Le Marché de la poésie remet finalement les poètes palestiniens à l’honneur
Après avoir déprogrammé des poètes palestiniens, le Marché de la poésie fait machine arrière.
dans l’hebdo N° 1814 Acheter ce numéro
En 2022, les responsables du Marché de la poésie, qui se tient chaque année au mois de juin à Paris, avaient décidé de mettre les poètes palestiniens à l’honneur en 2025. Cette programmation prenait pour appui l’anthologie de la poésie palestinienne publiée par le poète marocain exilé en France Abdellatif Laâbi (chez Points). Or, dans une lettre datée du 30 mai, le président et le délégué général de la manifestation, Yves Boudier et Vincent Gimeno-Pons, annulent ce projet au motif que « la situation tragique actuelle ne permet plus de [l]’envisager ».

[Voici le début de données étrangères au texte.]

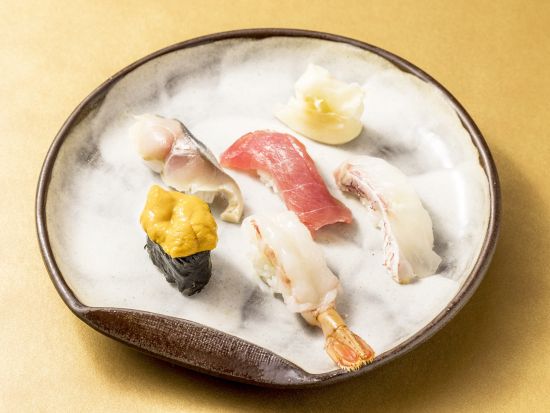 鮨「季和（ときわ）」　食事券＆事前予約　おまかせコースのランチプラン＜昼食／ロイヤル・ハワイアン・センター内＞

Réplique d’Abdellatif Laâbi : « J’estime que les raisons que vous invoquez pour justifier un tel revirement sont politiquement biaisées et moralement insupportables. Je m’attendais de votre part à plus de discernement et de courage. » L’invitation n’est pas annulée mais reportée, écrivent sans rire les responsables du Marché de la poésie. Ils ajoutent : « Pour ce qui nous concerne, organisateurs du Marché de la poésie, il nous faut veiller à bon nombre de points cruciaux (sécurité du public et des participants, financement transparent de l’événement) pour permettre aux voix poétiques de la nouvelle génération de bénéficier d’une audience respectueuse de leur travail artistique autant que de leurs engagements. »
Insinuation insultante
L’argument de la sécurité est le même qui a servi contre les manifestations en soutien à la Palestine et que le juge administratif a écarté. Quant à la mention d’un « financement transparent », suggérerait-elle que les poètes palestiniens dont l’invitation était envisagée par le Marché de la poésie pourraient être subventionnés par le Hamas ? Ce ne serait pas une insulte envers ces poètes que cette insinuation serait hautement comique.

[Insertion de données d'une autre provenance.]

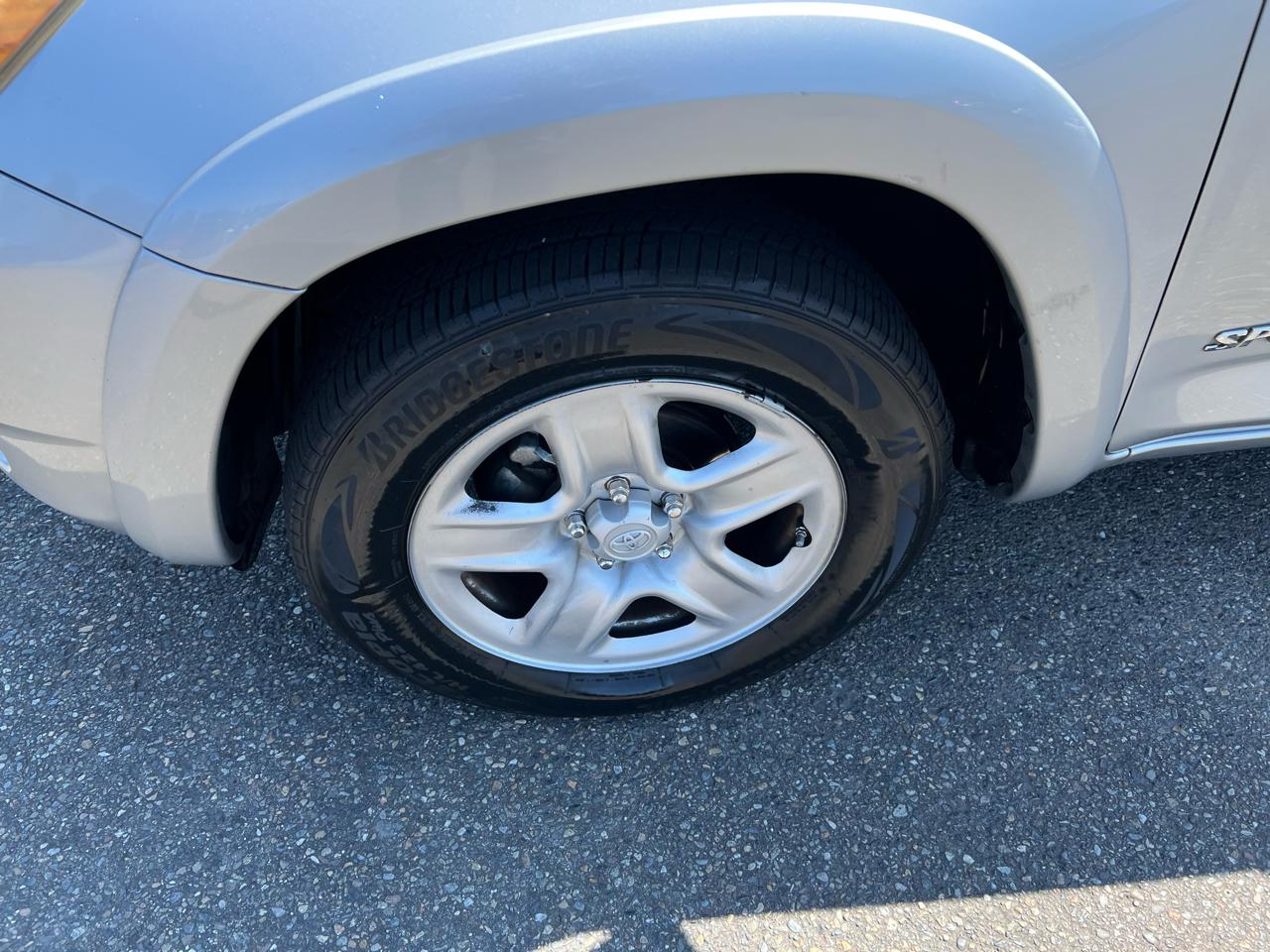 Toyota RAV4 2WD 4dr 4-cyl Sport (Natl) 2007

Dans la foulée, une pétition de protestation, signée notamment par de nombreux écrivains et poètes, est lancée pour maintenir cette mise en exergue de la poésie palestinienne. Avec un certain succès. En effet, le 9 juin, Jean-Michel Place, le président fondateur de l’association Circé, organisatrice du Marché de la poésie, publie un communiqué où il évoque une communication « précipitée, maladroite et malencontreuse » et confirme que « la poésie palestinienne est invitée d’honneur, comme prévu » en 2025. On a frôlé le marché de dupes.